Behind the Money

This is an audio transcript of the Behind the Money podcast episode: ‘How oil traders called the Middle East war’

Saffeya Ahmed
The FT’s energy editor Malcolm Moore tells me that there is an age-old rule in the global oil market.

Malcolm Moore
When war breaks out of the Middle East, oil prices spike.

Saffeya Ahmed
The idea is that if there’s a conflict in such an oil-rich region, it could become scarce. So typically traders buy up as many barrels as possible. But when Iran struck a US air base in Qatar last Monday, it was a major escalation in the recent conflict between Iran, the US and Israel. And the market didn’t spike.

Malcolm Moore
The opposite happened. There was no price rise at all, oil traders started selling, they decided the missiles were for show and they called it right.

[MUSIC PLAYING]

Saffeya Ahmed
Oil traders bet that this war would be shortlived. But how exactly did they hit the nail on the head? Was it luck, or is the way that these traders predict this market changing? I’m Saffeya Ahmed from the Financial Times, in for Michela Tindera, and this is Behind the Money.

[MUSIC PLAYING]

[NEWS CLIP PLAYING]

In the middle of June, hostilities break out between Israel and Iran.

News clips
Israel just carried out a surprise attack against Iran.
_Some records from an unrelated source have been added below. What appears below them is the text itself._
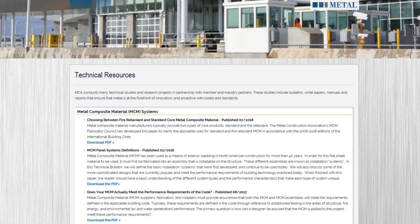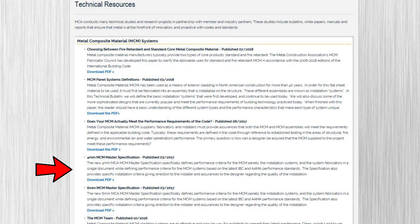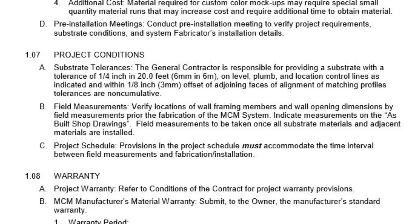If you're an architect, you can find substrate tolerance language at the Metal Construction Association website. They have a downloadable MCM master specification that has the substrate tolerance narrative you need to make your job a success. In section 1.07 — Project Conditions — the substrate tolerance section reads: the general contractor is responsible for providing a substrate with a tolerance of one-quarter of an inch in 20 feet on level, plumb, and location control lines, and within one-eighth of an inch offset of adjoining faces of alignment of matching profiles. Tolerances are non-cumulative.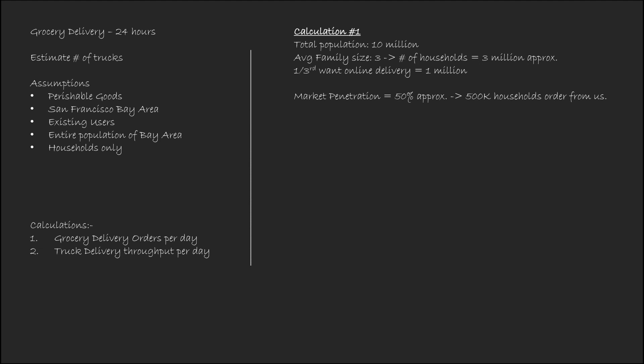Okay. Alright. Next, let's see if these are perishable goods. And if every household, it orders two times a week, that brings our daily delivery number to somewhere around, okay, 500 into 2 whole upon 7. So, that's approximately 140,000 deliveries every single day. Alright. Moving on.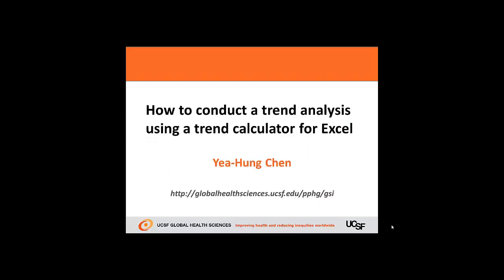This concludes our video on how to conduct a trend analysis using the Excel Trend Calculator.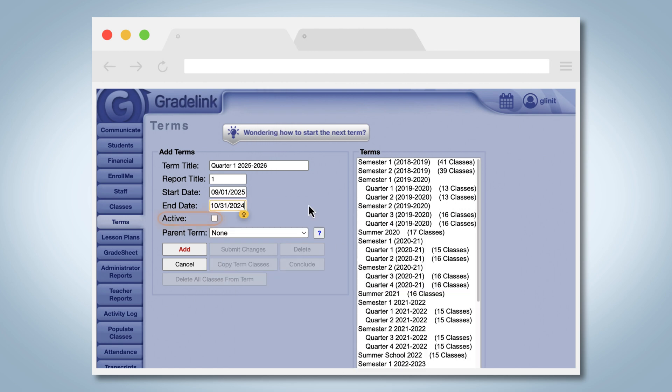Check Active to allow students and teachers the ability to access the term. Press Add, and then go ahead and create the rest of the terms for the entire school year.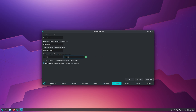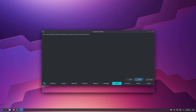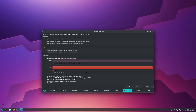Here you can set the username for your computer and choose a password. Make sure to leave the checkbox 'Use the same password for administrator account' ticked, as it will make things a lot easier. After you've done this, click Next.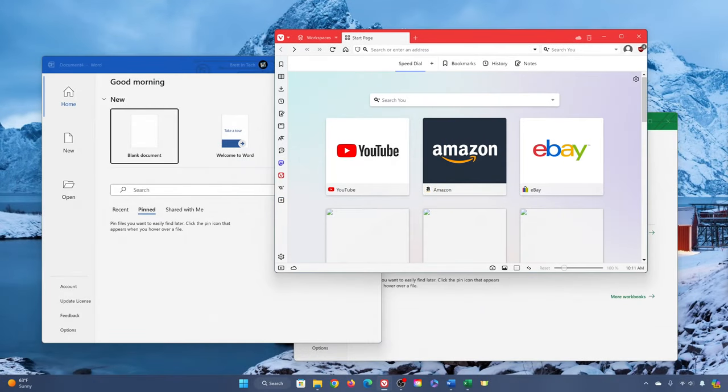Howdy folks, Brett here. In a recent update to Windows 11, Microsoft moved their Co-Pilot button to the right side of the taskbar and removed the Show Desktop button from appearing by default.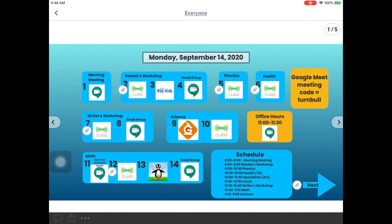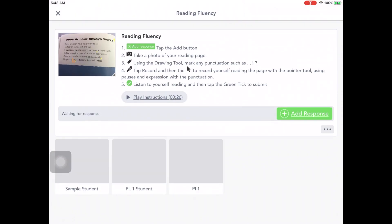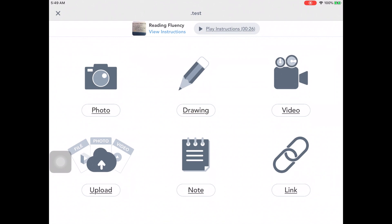Anywhere that students see the little link icon means that either there's a Seesaw activity for them to do or a website for them to go to. Students will tap on that link icon and then tap on the link, and that will open up that activity in Seesaw where they can read the directions. They can tap on Add Response and follow the directions to complete that activity.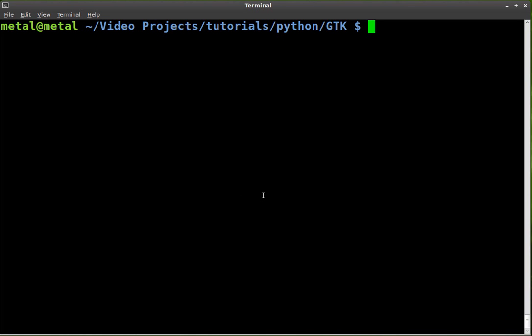Today in our GTK Python tutorial, we are going to be looking at error message dialogs. Now there's a number of different preset message dialogs, informational and error and a few others. And today we're going to be looking at the error one. So let's get started.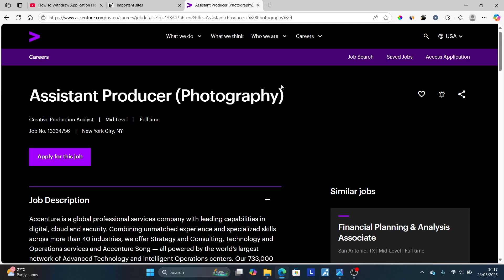In this tutorial, I will guide you how to withdraw your application from Accenture. If you found this video helpful, please consider subscribing and liking this video. So maybe you have applied for a job through the Accenture website and would like to withdraw your application. Make sure to follow this tutorial very carefully.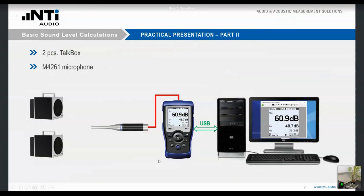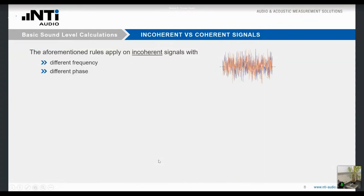This is an important aspect to always keep in mind. So far we have been talking about rules for incoherent signals. On the right-hand side you see a blue and a red signal — they have more or less the same level, but differ in frequency and phase. This could be two people talking, two music instruments, or any kind of noise. These two signals do not correlate to each other — that is why we call them incoherent. The formulas shown before apply to incoherent signals.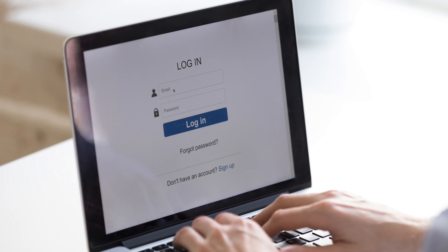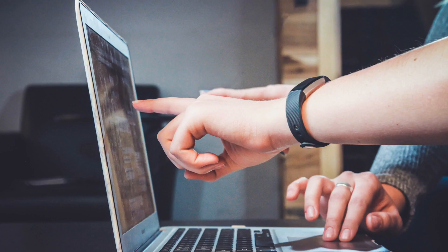When you use a password, you have to remember it and type it in. You could be sitting at an airport, typing in your password, and somebody could be looking over your shoulder and get your password.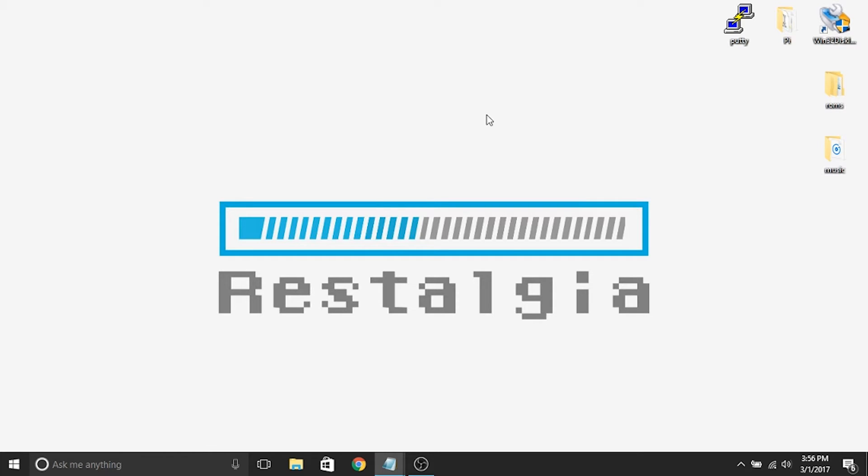All right guys, it's Steve here from Rostalgia, thanks for watching. This is the fourth installment on the Pi Station, how to make your own Pi Station video series.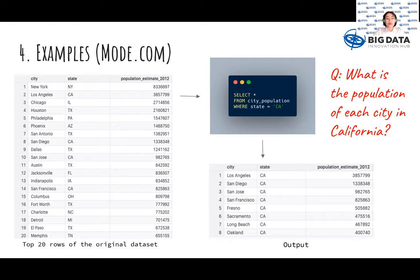Here we show two examples of how to use SQL to query data to answer business questions. We are going to talk in detail about the syntax in the following videos. We wanted to show the population of each city in California. By writing SQL to select all columns from the city population table and filtering by state equal to CA, we can see the output only includes California cities and their populations.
Iran retaliates, hitting populated centres in Israel. (Sound of explosions)

Saffeya Ahmed
In trading fire over the next several days, over 600 Iranians die, and nearly 5,000 are injured by Israeli air strikes.

News clip
(Sound of explosion) Another morning of explosions across Iran.

Saffeya Ahmed
There are also 28 Israeli deaths and some 1,400 injuries. I myself have good friends whose families are in Tehran and they have to flee to safety.

[MUSIC PLAYING]

Now as tensions heighten, there’s one part of the global economy that is watching this conflict very closely.

Malcolm Moore
Oil traders, this is their job, especially when things flare up in the Middle East, which supplies around a quarter of the world’s oil. They have to make decisions on whether they’re gonna buy or they’re gonna sell.

Saffeya Ahmed
So to me, these oil traders, I feel like I hear about them a lot, but they’re so mysterious. Can you paint me a picture of your typical oil trader and kind of how they do their job?

Malcolm Moore
So there are lots of different sorts of oil traders, but to make it really simple, there’s one group of oil traders that are trying to move oil around the world to get it to their customers. And there’s another group that are kind of financial players. That’s no different to buying and selling shares or bonds or other commodities. And they’re trying to make money off the movements in the oil price. But the thing that unites these two groups is that they’re both basically assessing the risk every day of there being too much oil or there being not enough oil.

Saffeya Ahmed
And what kind of tools are they using to assess that risk?

Malcolm Moore
They’re looking across all the sort of sources of information they can possibly get their hands on, from open-source intelligence, to social media, to the algorithms that their computers are using to predict price movements, to financial information on the way that markets tend to move.

Saffeya Ahmed
So now this recent conflict starts with Israel attacking Iran on June 13th. You are talking to several oil traders at this point. What are they doing or looking at in the lead-up to this?

Malcolm Moore
So in the lead-up to the conflict, they’re looking at all the information out there. They’re trying to make an assessment on: is there going to be a conflict and how is it going to play out? Is it going be like last October when the two sides traded missiles, but ultimately nothing else happened? Or is it gonna be more serious? And the thing they care about the most is something called the Strait of Hormuz.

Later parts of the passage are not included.